Treasury and the IRS, on July 10, released proposed regulations under Sections 1291, 1297, and 1298, which contain rules regarding passive foreign investment companies (PFICs). Broadly, the Proposed Regulations address the attribution of PFIC stock to US investors, the determination of a foreign corporation’s PFIC status, and the application of the PFIC insurance exception.
These Proposed Regulations are a welcome development that provide greater clarity on a number of open, broadly applicable issues related to determining whether a foreign corporation is a PFIC and whether a US shareholder owns PFIC stock, including clarification on the application of attribution rules when a partnership owns PFIC stock through a non-PFIC foreign corporation, provisions coordinating and clarifying the application of the PFIC look-through rules, and guidance regarding the elimination of certain intercompany assets and income for PFIC testing purposes. However, not all rules are taxpayer favorable, particularly the rule treating an interest of less-than-25% in a partnership as a passive asset and producing passive income for PFIC testing purposes, and the anti-abuse rules limiting the application of the Domestic Subsidiary Look-Through Rule of Section 1298(b)(7) in certain circumstances.
In the insurance company context, the Proposed Regulations provide detailed rules to apply the PFIC insurance exception, in certain cases with unexpected results.

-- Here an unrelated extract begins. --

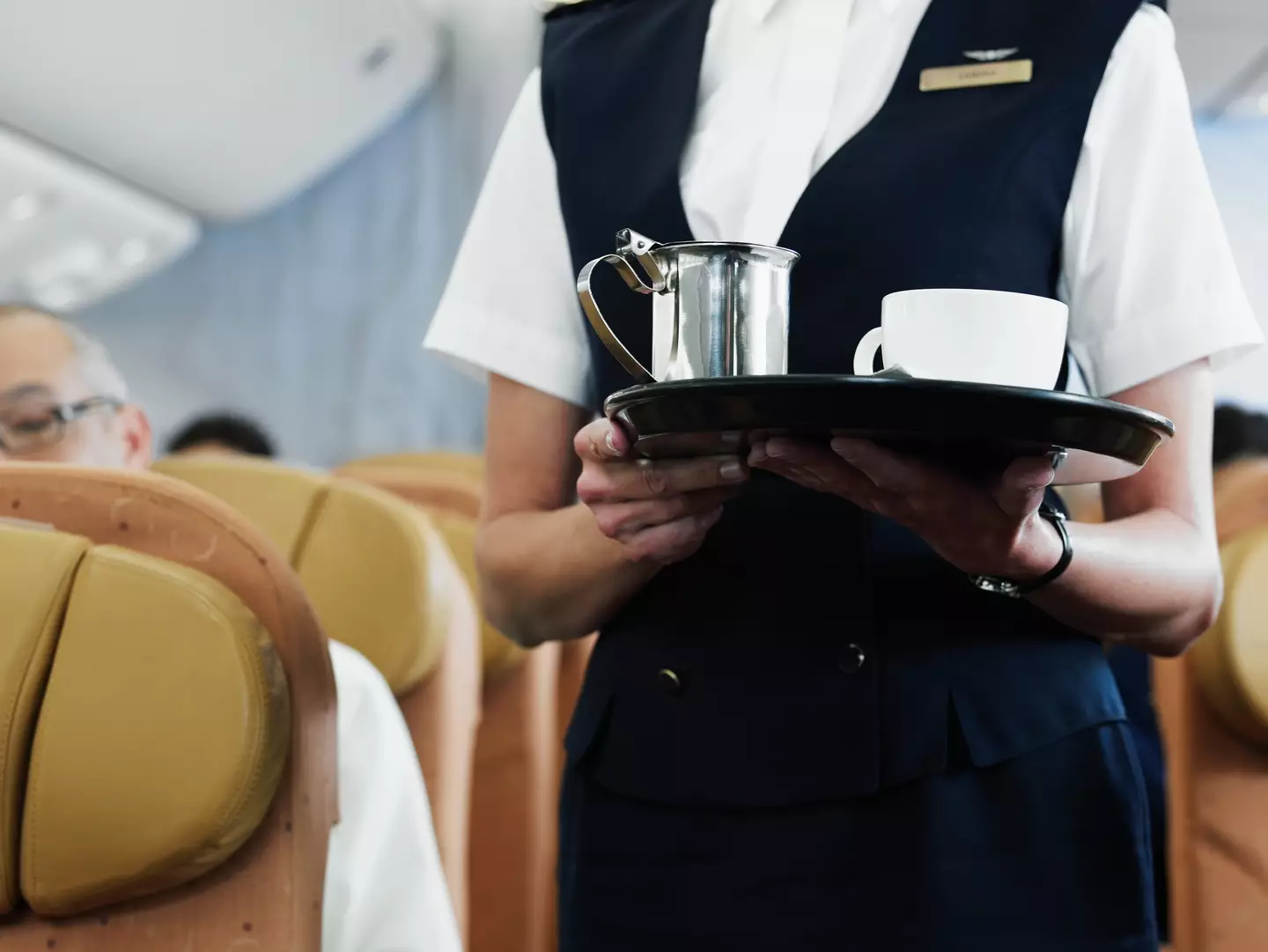 Flight attendants are rarely spotted drinking hot drinks. (Getty Stock Photo)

Clients should carefully review the Proposed Regulations vis-à-vis their direct and indirect investments in foreign corporations to determine whether and how the definitional changes introduced by the new rules might impact the PFIC status of such foreign corporations and, ultimately, their US tax liability. The Proposed Regulations invite comments on a number of issues and clients affected by the new rules should consider providing comments during the comment period which ends September 9, 2019.